Все перечисленные признаки являются конституирующими (если поменять их модальность на противоположную) для признания эмиграции после 1917 г. как именно политико-идеологической. Абсолютное большинство групп переселенцев из России до 1917 г. можно назвать мигрантами, но после 1917 г. – уже эмигрантами, которые и стали формировать русскую (российскую) диаспору в XX в. Наличие в составе выехавших из России большого числа интеллектуальной элиты, высшей военной верхушки, аристократии, вынужденно оставивших свою страну, во многом объясняет то гораздо более острое и напряженно-болезненное чувство покинутой, утраченной, потерянной родины, чем тоску, переживания трудовых мигрантов, ностальгирующих, очевидно, все-таки меньше и без такого сгущенного морально-психологического надрыва. Вынужденным беженцам нужно было осмыслить и свое местоположение в раскладе политических сил, и свою позицию по отношению к бывшей родине, и причины своего бегства, и необходимость сохранить «Россию вне России». Перед эмигрантами стояли и вставали отчасти схожие с мигрантами проблемы (трудоустройство, заработок на жизнь), но вместе с тем задачи такого масштаба и ранга, которые не сопоставимы по трудности и культурной значимости с вполне прагматическими намерениями людей, поставивших себе целью экономически выжить и материально преуспеть. С понятиями диаспоры и миграции соприкасается обширное, принятое скорее в публицистике, нежели в научном дискурсе, понятие «русское зарубежье». Оно не сводимо ни к этноязыковому понятию русской эмиграции, ни к социокультурному феномену русская диаспора. Зарубежные россияне – многонациональное сообщество, говорящее в основном в своей среде преимущественно на русском языке.

1.1. Волны русской эмиграции

По уже выработанной и установившейся в эмигрантологии [3] традиции эмигрантские потоки XX в. в зависимости от социально-политических мотивов, их вызвавших, делятся на 4 периода, или так называемые «волны» [Назаров 1992; Фрейнкман-Хрусталева & Новиков 1995; Грановская 1995; Караулов 1995; ЯРЗ 2001; Пфандль 2002; и др.]. Мы полагаем, что в настоящее время можно говорить о пяти волнах русского (не в этническом аспекте термина) массового переселения.

3

Кажется, автором этого термина стал польский специалист, активно изучающий третью волну эмиграции из России, Люциан Суханек, предложивший на 12 Международном конгрессе славистов (сентябрь 1998 г., Краков) использовать термин-неологизм homo emigrantus, а науку, изучающую эмигранта/эмигрантов с разных точек зрения, называть эмигрантологией: «Ко всем можно применить общий термин “homo emigrantus”». Этот термин вызвал споры и возражения: «Я не уверен, что можно говорить об эмиграции вообще – следовательно, об эмигрантологии, – не учитывая специфического характера исторического и культурного развития каждой страны» (Мишель Окутюрье, глава кафедры славистики Сорбонны); «Необходимо более конкретно и внимательно посмотреть на эмигрантскую массу; проводить больше различия между отдельными центрами эмиграции; больше внимания надо уделять связям с местной средой и разделять поколения» (В. Ронин) [Русская мысль. 1999. № 4294. 25 окт.]. Однако можно с уверенностью сказать, что термин прижился; ср. наименование раздела «Эмигрантология» и одноименного эссе Ю. Борева, пытающегося найти смысловое содержание и определить границы термина, в книге [РЗ 2004].
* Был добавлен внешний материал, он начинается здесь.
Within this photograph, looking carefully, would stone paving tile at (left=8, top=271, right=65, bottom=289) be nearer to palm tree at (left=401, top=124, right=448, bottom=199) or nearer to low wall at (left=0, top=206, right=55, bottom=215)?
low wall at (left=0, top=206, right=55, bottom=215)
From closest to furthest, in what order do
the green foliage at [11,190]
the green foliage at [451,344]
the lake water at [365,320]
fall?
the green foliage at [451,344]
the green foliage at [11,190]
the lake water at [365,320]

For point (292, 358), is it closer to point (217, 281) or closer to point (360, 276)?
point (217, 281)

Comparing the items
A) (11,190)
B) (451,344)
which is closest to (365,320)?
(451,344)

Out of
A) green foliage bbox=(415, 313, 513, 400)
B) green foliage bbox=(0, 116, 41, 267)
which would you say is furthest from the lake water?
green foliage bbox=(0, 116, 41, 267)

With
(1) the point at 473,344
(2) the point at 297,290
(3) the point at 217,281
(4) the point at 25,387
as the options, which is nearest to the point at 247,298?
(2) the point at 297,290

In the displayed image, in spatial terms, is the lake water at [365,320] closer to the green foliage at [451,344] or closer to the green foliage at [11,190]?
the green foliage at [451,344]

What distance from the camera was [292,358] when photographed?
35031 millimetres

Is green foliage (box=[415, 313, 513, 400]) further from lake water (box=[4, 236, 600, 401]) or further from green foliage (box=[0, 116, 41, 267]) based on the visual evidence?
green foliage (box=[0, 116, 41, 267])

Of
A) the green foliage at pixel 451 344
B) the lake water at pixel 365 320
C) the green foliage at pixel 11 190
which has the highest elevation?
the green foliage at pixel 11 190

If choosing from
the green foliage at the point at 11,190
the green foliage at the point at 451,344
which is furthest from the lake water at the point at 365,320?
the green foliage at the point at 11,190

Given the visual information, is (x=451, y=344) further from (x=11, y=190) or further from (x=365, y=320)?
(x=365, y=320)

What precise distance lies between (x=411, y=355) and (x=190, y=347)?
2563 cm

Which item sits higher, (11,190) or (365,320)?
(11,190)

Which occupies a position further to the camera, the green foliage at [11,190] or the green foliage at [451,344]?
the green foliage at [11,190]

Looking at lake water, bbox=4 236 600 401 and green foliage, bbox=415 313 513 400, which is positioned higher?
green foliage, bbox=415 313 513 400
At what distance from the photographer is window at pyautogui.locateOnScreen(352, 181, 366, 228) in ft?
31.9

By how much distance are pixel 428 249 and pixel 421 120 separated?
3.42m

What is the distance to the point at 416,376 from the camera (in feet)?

Первая волна (1917–1939) – послереволюционная, вызванная в первую очередь политическими причинами (смена общественного строя, разногласия внутри победившего социал-демократического лагеря, поражение белых армий). Центры расселения эмигрантов – западноевропейские страны, страны Центральной и Южной Европы (Чехословакия, Болгария, Сербия, Турция), Юго-Восточная Азия (Маньчжурия, Харбин, Шанхай). [4]

Вторая волна (1939 – середина и конец 1940-х г.) – военная; в это понятие включают как военнопленных, попавших в немецкий плен и оставшихся в послевоенное время за границей, так и русских, перешедших на сторону фашистов в годы Великой Отечественной войны (напр., армия генерала Власова, русские полицаи), а также дезертиров. Центры расселения – Германия, Австрия, Англия, Канада, Австралия, США, Швеция.

4

Разумеется, нельзя и не стоит сводить всю русскую эмиграцию первой волны к людям, антисоветски настроенным и действующим: ведь из огромного числа эмигрантов только 150 тыс. стали активными антибольшевиками, готовившими теракты в СССР и участвовавшими в насильственном свержении советского режима.
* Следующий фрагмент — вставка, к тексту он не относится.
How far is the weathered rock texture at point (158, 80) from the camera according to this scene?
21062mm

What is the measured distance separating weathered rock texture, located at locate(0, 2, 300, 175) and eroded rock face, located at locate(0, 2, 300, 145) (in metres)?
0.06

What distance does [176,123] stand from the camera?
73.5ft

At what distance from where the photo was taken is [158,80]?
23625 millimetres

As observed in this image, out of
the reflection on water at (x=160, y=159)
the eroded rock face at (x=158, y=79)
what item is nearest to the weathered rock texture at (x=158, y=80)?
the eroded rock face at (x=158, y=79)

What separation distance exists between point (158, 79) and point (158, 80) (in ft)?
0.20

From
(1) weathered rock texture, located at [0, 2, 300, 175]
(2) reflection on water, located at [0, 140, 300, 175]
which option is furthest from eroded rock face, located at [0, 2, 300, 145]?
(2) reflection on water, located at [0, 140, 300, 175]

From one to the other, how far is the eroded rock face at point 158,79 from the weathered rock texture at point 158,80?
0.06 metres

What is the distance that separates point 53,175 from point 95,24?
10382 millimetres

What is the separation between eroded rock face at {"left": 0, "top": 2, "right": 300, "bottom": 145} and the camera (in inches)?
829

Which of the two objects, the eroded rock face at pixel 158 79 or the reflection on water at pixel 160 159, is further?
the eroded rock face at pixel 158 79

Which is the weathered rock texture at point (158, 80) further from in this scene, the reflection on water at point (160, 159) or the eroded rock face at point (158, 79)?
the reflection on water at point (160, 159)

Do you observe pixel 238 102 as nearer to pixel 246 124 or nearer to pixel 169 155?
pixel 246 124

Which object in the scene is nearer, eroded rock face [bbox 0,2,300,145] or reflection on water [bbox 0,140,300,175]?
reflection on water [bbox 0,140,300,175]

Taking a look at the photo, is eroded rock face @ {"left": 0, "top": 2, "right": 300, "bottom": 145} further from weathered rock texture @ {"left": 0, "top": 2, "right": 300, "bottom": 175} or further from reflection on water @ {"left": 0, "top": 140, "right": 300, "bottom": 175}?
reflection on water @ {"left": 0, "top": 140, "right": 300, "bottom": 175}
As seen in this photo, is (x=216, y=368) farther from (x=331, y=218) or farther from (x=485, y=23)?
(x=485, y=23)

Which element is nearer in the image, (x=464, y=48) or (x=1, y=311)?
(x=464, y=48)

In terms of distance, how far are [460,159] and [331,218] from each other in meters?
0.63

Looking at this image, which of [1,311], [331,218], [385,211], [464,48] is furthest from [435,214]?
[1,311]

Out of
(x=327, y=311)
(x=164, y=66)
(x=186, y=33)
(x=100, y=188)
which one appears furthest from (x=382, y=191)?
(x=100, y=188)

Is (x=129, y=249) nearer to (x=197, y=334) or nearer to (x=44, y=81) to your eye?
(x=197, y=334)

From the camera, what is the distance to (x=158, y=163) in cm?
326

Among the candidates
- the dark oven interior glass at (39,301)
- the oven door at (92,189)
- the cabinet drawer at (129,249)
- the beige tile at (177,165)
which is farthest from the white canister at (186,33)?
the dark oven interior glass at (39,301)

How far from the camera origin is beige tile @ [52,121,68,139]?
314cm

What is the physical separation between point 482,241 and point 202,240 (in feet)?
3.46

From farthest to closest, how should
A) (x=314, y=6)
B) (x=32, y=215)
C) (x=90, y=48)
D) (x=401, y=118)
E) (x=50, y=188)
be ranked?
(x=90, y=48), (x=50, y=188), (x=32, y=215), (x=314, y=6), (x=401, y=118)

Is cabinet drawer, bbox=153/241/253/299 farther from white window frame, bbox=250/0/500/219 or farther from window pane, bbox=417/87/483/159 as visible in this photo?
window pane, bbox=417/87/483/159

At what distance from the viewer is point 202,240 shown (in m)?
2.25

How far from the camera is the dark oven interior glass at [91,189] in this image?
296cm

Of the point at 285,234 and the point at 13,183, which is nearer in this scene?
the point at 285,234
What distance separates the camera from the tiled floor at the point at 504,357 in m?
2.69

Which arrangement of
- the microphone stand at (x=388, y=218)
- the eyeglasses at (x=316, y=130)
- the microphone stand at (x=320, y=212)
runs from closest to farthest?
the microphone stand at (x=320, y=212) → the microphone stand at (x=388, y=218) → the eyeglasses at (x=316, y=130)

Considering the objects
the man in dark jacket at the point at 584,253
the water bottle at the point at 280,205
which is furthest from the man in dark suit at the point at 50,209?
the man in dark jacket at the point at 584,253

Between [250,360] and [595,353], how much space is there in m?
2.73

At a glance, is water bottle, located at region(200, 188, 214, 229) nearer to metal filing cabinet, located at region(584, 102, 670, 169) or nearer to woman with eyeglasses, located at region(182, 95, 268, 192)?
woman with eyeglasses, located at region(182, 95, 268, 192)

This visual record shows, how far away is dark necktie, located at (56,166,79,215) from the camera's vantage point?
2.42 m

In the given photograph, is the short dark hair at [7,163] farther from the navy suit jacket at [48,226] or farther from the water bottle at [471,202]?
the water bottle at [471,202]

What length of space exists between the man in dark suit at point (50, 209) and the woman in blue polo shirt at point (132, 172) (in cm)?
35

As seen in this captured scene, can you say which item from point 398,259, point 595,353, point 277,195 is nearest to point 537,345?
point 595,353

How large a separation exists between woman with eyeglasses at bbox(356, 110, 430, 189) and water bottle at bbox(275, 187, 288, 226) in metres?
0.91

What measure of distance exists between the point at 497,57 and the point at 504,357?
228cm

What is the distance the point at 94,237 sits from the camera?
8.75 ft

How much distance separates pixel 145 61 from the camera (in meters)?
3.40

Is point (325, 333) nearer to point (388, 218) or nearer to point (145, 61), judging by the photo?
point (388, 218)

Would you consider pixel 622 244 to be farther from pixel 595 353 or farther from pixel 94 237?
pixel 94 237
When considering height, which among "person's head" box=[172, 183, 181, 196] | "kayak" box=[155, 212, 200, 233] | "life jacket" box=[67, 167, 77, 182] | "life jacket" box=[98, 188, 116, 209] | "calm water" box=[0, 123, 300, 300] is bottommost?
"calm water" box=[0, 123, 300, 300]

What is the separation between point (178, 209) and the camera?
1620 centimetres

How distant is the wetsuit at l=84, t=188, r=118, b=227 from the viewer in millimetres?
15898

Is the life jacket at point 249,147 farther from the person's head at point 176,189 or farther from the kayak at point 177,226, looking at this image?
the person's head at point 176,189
Третья волна (примерно 1965–1985) – так называемая диссидентская (насильственная высылка с лишением советского гражданства антисоветски или просто либерально настроенных интеллигентов, борцов за свободу слова и личности) или еврейская (разрешенный выезд евреев из СССР). Центры расселения – США, Израиль, Франция, Австрия.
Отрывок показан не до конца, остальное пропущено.